This Has Only Happened To 60/40 Portfolios And Risk Parity 5 Times In 27 Years…

Hey! Guess what? We ran into some trouble on Monday.

I mean actually, we ran into some trouble last week and the proximate cause, initially anyway, was jitters about the ongoing bond rout.

As we detailed in “Judgment Day” (that was the title for our daily wrap last Tuesday, the day during which it became readily apparent to anyone with working eyes that something was about to go horribly wrong), the rapidity of the rate rise was starting to imperil the equity rally. The stock-bond return correlation was about the flip positive. There wouldn’t be anywhere to hide (not even Bitcoin, which was collapsing too).
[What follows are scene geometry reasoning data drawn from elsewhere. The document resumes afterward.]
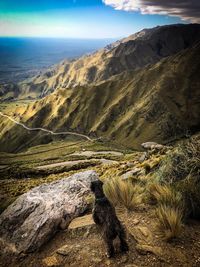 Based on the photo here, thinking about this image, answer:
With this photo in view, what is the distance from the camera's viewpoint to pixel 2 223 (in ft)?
35.4

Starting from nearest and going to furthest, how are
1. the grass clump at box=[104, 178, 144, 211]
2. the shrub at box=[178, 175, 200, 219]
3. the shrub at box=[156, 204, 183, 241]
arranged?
1. the shrub at box=[156, 204, 183, 241]
2. the shrub at box=[178, 175, 200, 219]
3. the grass clump at box=[104, 178, 144, 211]

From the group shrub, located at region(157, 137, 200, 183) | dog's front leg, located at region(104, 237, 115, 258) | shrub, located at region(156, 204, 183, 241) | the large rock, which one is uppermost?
shrub, located at region(157, 137, 200, 183)

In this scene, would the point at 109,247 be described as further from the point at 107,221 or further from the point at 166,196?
the point at 166,196

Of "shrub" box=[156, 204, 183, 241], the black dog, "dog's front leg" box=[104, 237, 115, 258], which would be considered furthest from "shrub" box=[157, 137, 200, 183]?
"dog's front leg" box=[104, 237, 115, 258]

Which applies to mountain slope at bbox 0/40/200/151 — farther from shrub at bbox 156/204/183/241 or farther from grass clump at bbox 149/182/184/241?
shrub at bbox 156/204/183/241

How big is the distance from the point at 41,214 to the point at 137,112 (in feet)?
521

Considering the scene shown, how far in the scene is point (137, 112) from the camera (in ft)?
546

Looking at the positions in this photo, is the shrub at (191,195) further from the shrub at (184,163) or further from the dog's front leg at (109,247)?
the dog's front leg at (109,247)

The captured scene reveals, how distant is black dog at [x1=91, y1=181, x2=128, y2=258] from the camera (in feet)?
25.0

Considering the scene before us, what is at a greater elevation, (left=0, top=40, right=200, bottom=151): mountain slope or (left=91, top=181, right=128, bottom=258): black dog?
(left=91, top=181, right=128, bottom=258): black dog

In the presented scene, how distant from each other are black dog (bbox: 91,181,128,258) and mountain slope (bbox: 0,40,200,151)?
132m

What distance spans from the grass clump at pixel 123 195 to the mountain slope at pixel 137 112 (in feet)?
429

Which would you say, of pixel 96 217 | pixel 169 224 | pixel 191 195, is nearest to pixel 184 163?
pixel 191 195

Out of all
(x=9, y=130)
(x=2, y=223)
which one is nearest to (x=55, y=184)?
(x=2, y=223) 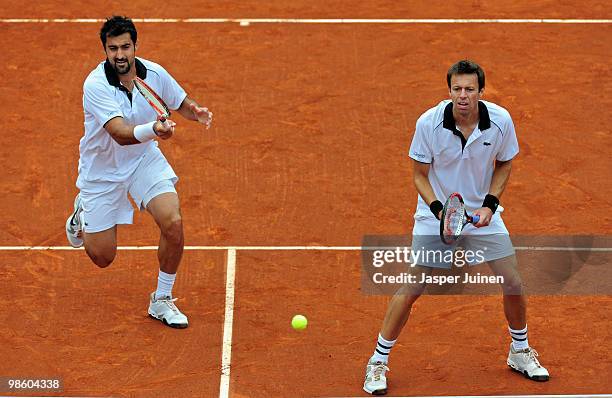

Well sure enough, balanced portfolios ran into some “bigly” trouble as the equity selloff accelerated and bonds continued to underperform. The read-through for risk parity was obviously not good and as Goldman writes in an expansive note out Wednesday morning, “only five times since 1990 have simple risk parity and 60/40 balanced portfolios had weeks where they simultaneously sold off as much as they did last week  – the last two times being during the global financial crisis.”

Boom

The issue – as we’ve been over countless times – is the rapidity of the rate rise. There is a limit to the equity market’s patience when it comes to higher bond yields (and higher breakevens). Previously, the bond market adjustment was viewed as a good thing to the extent it signaled something about the relative robustness of the economic recovery. But the rapidity of the rise in yields matters. Too far, too fast is not good and past a certain point, equities’ interpretation of that yield rise will change. Here’s Goldman from the same note mentioned above:

As we have written before, the equity/bond correlation depends on the level, speed and source of bond yield moves. The recent rapid repricing of bond yields has been again difficult for equity to digest. Since the crisis, if US 10-year yields increase by more than 2 standard deviations in a 3 month period, equities have sold off alongside bonds. When rates rise too quickly, they can weigh on growth expectations and valuations for risky assets and rate vol can spill over to equity vol.

RateRise

When you couple this with a situation where everything was stretched in the first place (and coming in, stocks, bonds, and credit hadn’t been so simultaneously expensive in 100 years), diversification becomes next to impossible. As you can see from the bottom line in the following table, literally nothing has worked:

diversification

We’ll close this short piece with a classic quote from a previous post:

What does it mean to be “diversified” when everything is expensive?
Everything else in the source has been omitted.